Porch Light, Part 1

As the street lights came on and a wind swept up some newly fallen leaves, Larry lifted his eyes and gazed into the gathering darkness. The screen door creaked as if on cue, and Barry ambled slowly out on to the patio. They were two old men, variations on gray, bald, and roundish, both residents of the Swansong.

“Hello porch light! I see you’ve been waiting for me,” said Barry in a wheezy voice.

Larry looked around as if waking up and said, “Ah hell, you made it. I thought I was gonna get some peace and quiet so I could have me a nap before bedtime.”

“Well porch light, I can’t let that happen. I gotta give you some juice to stew in,” Barry muttered as he came around behind Larry’s wheelchair and collapsed into the old rocking chair next to him.

“That sounds wrong pal,” Larry growled. “I’ll pretend you didn’t say that, tho’ I’ve been a-wondering about young whippersnappers the likes of you.”

“I think we’ve established you’re not my type.” Barry adjusted himself in the rocking chair which seemed to be in tune with the screen door.

The two old men, with their baggy pants, raggedy shirts, and old soft shoes, looked like they shopped at the same thrift store. Likely, they had the same stains on the front of their droopy sweaters. But the street lights and porch lights left their rough edges in the shadows of another fresh nightfall.

Larry set about lighting an old stoagy, short and not too big around, that had been setting in a dish on a pile of newspapers on the card table between them. Ashes on dust.

Barry started in, “My grandson told me the other day that one of his buddy’s had a grandmother who died. So the kid’s family was cleaning out the old lady’s apartment, they found granny’s diary, and the kid’s Mom let the kid have it. So the kid’s reading it, apparently to my grandson, and they come across a page where the old lady wrote: “No justice, no peace,” over and over in big letters. And then apparently, there’s all this stuff about race and racism and equality, or the lack thereof.”

“Yeah,” said Larry with a wheeze.

“So the kid asks me, he says, ‘Gramps, what’s that all about? You should know, you’re old like the granny was!’ And I say, ‘well, she musta been some kind of radical. Then I told him, ‘E Pluribus Unum,’ explained that and said that we’re about equality and freedom and the United States is a big melting pot. Aren’t you proud of me?” Barry turned with a shrug and upturned hands. He seemed to be waiting for a hug.

Larry looked out into the night and asked, “Was the kid or his grandmother black?”

“Heck, how should I know? Kevin didn’t say,” said Barry, continuing with the shrug.

“Well did you ask? Wouldn’t that explain a few things to you?”

“I didn’t think about it.”

“Figures. You probably think your kid is just buddies with other white kids. White kids with, God forbid, hippy grandparents. But maybe his friend is black. What about that?”

“What about that. I don’t care. It’s been a long time since the civil rights movement, even longer since the Civil War. They’ve had a black president. There’s still affirmative action. Maybe the granny was just some old socialist freak and she was writing about all her protest slogans, or after she got thrown in the slammer for some sit-in. I don’t know, who cares?” And Barry made a noise his grandson would have found amusing.

“I care about what you don’t know. Otherwise we’d have nothing to talk about,” said Larry. “I’ll bet you your ice cream that your grandson’s friend is black and that his grandmother, or more likely her Dad, husband, or son, was the victim of police brutality. Or maybe they were just from the south. And don’t say anything about chocolate ice cream or I’ll have to use your face for an ashtray.”

“Schwid. I thought you’d like me saying something positive, you know liberal, Kumbaya kind of stuff. I didn’t think you’d get all bent out of shape about this mumbo jumbo,” Barry muttered.
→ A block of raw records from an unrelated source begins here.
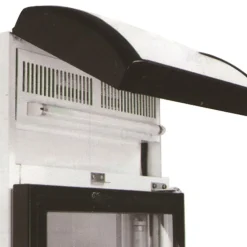 Skyrainbow Getränkekühlschrank 600 Liter mit Display, Glastür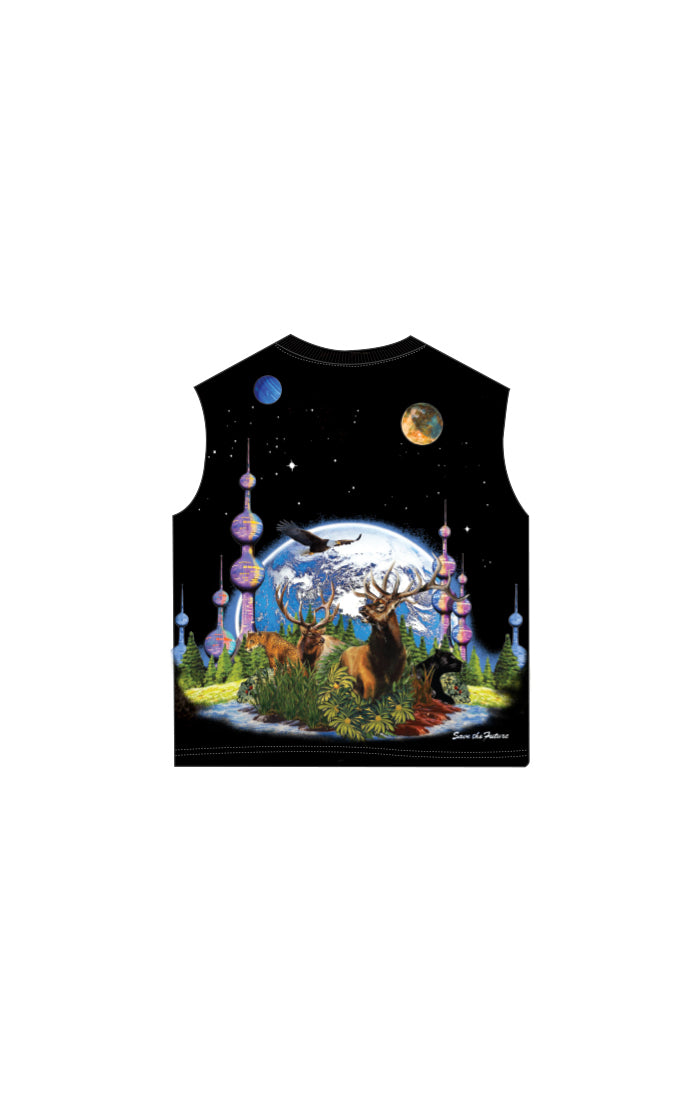 Back View of the Billionaire Boys Club Memories Tank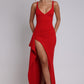 Violetta Maxi Dress - Red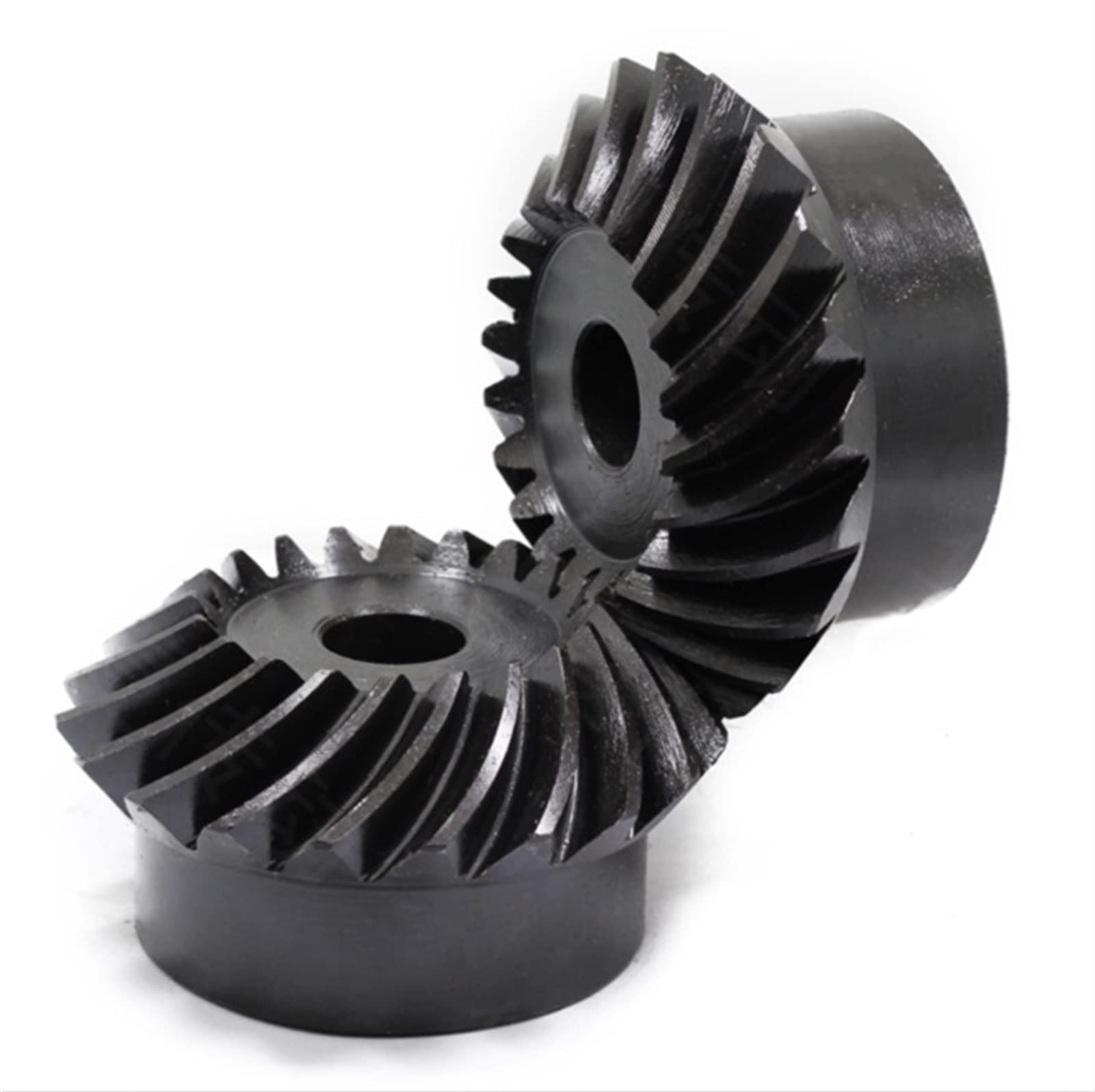 Mitra a gradini 2pcs 2 modulo 20 Denti ingranaggio Conico elicoidale 10mm Foro Interno ingranaggio Conico a Spirale 2M 20T ingranaggio Conico smussatura a sperone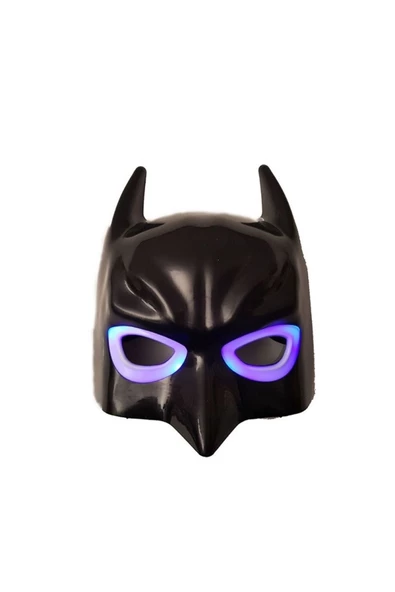 RAYTOYS OYUNCAK   Led Işıklı Maske Işıklı Batman Maskesi Led Light Batman Mask Işıklı Cadılar Bayramı Maskesi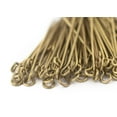 thumbnail image 1 of The Bead Chest Brass 21 Gauge 1.5 Inch Eye Pins (Approx 100 pieces), 1 of 3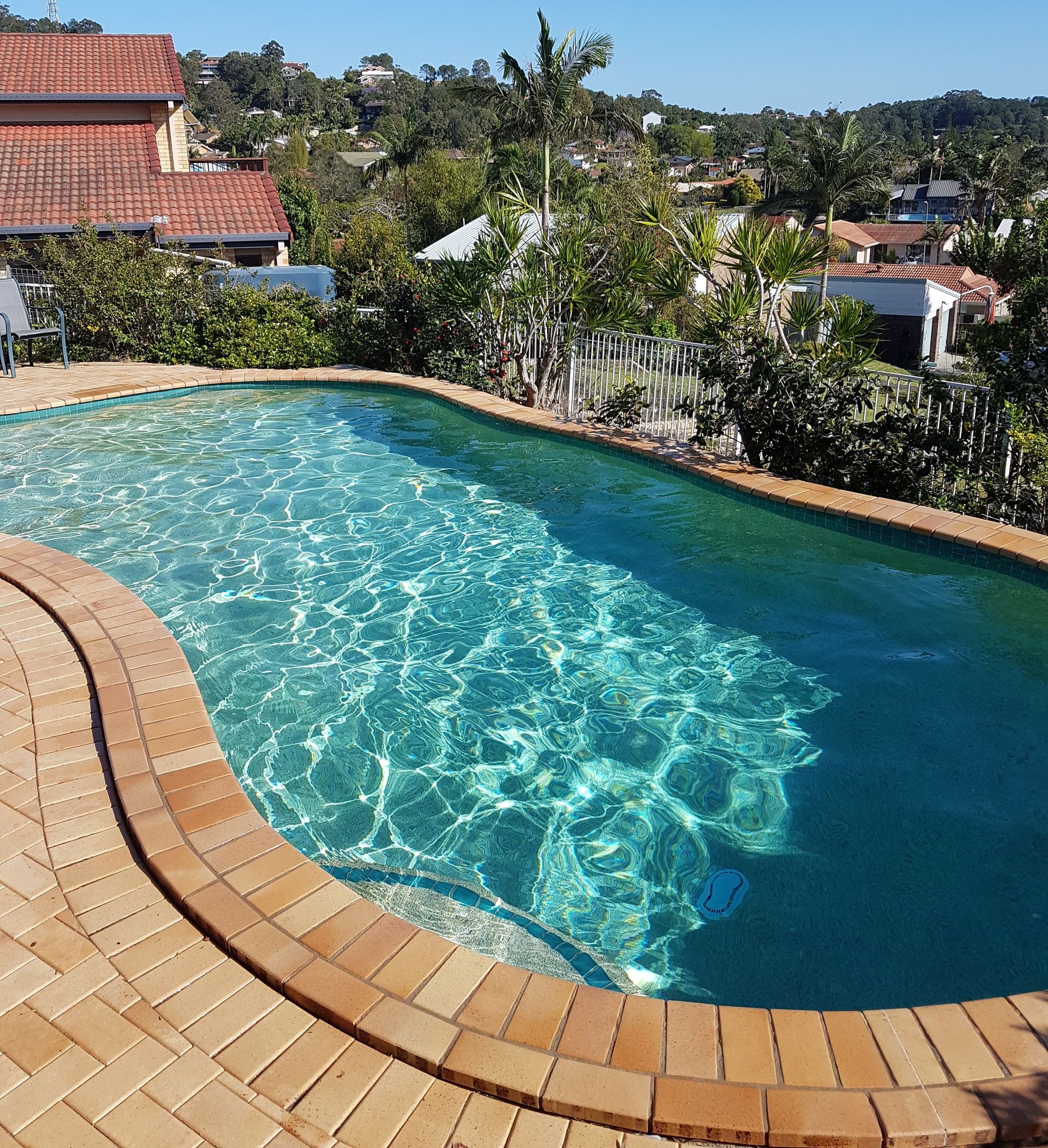 A Large Swimming Pool With Stairs Leading To It — Kingscliff Pool Shop In Kingscliff, NSW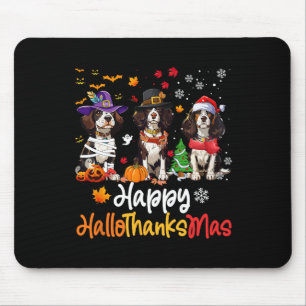 Tapis De Souris Cavalier Roi Charles Chien espagnol Halloween Chri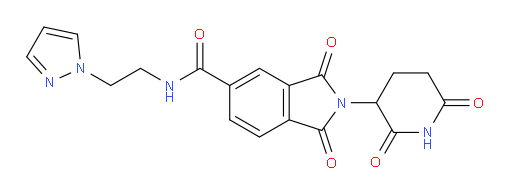 N-(2-(1H-pyrazol-1-yl)ethyl)-2-(2,6-dioxopiperidin-3-yl)-1,3-dioxoisoindoline-5-carboxamide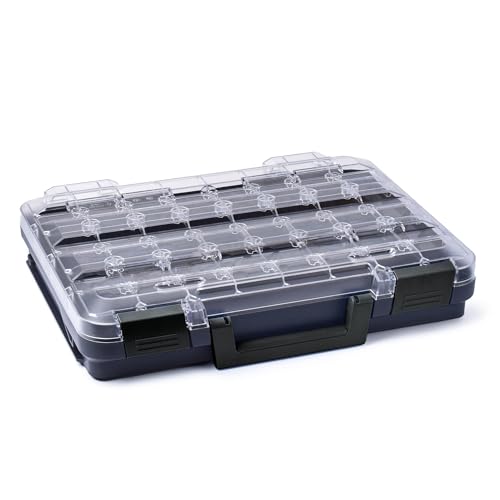 1x Schraubenkoffer leer | Sortimo T-BOXX 320 anthrazit | Sortimentskasten Kunststoff gross | Ideale Sortimentsbox Schrauben | Kleinteilemagazin Alternative von WFix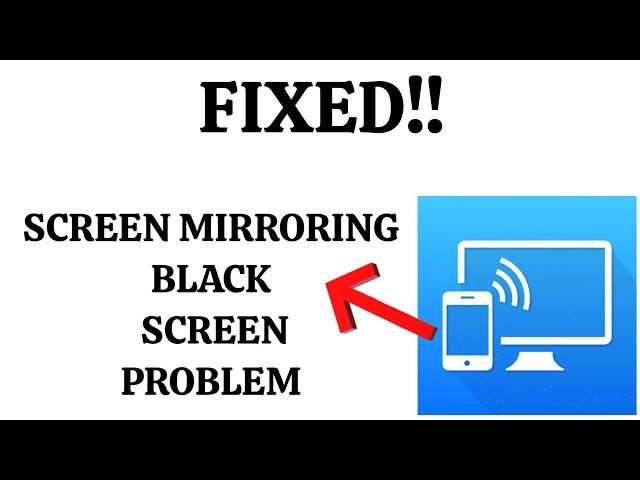 Fix  "Screen mirroring" App black screen Issue |GBMTECH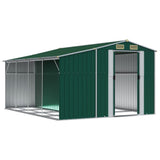 VidaXL Tuinschuur 277x365,5x179 cm gegalvaniseerd staal groen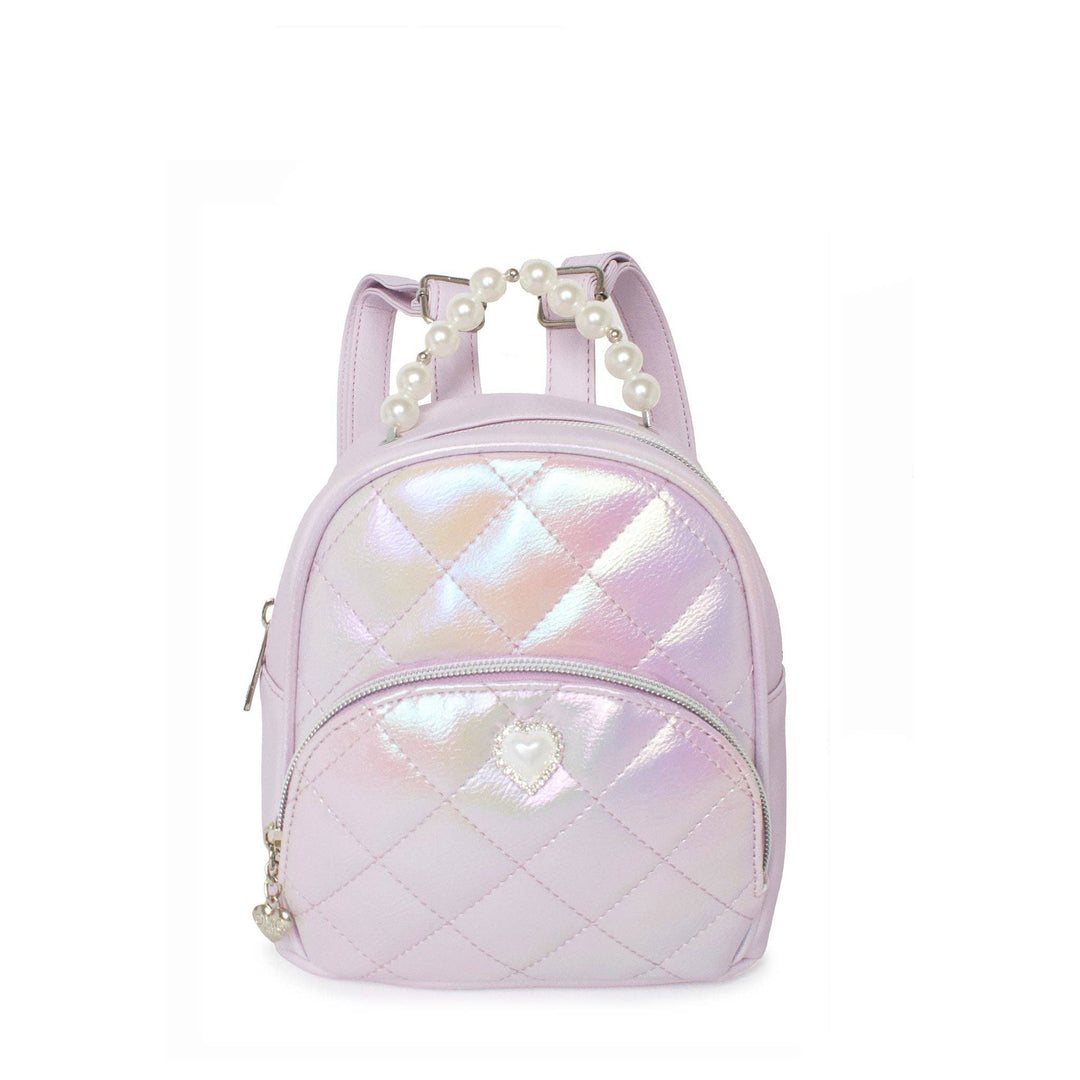 Metallic Quilted Mini Backpack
“It’s gumbo dumbo, and as the twig is bent so grows the tree. Just don’t you be the one bending Kevin,” said Larry.

“Now who’s sounding wrong? said Barry.

“You know what I mean. And I’m not wrong, I’m left. And there ain’t no Unum, it’s all about the Pluribus. So get on the bus. Or, get up and push me into the dining room. I don’t wanna get so cold that I don’t want to eat the ice cream you owe me – even if it is oh so vanilla.” Larry pushed his cigar stub into the dish and said, “Let’s go.”

“Alright, I mean all left, you crazy commie.” With that, Barry pushed himself out of his rocker, leaned heavily on the handles of Larry’s wheelchair, backed him up, then off the porch, through the squeaky screen door and down the hall to the dining room.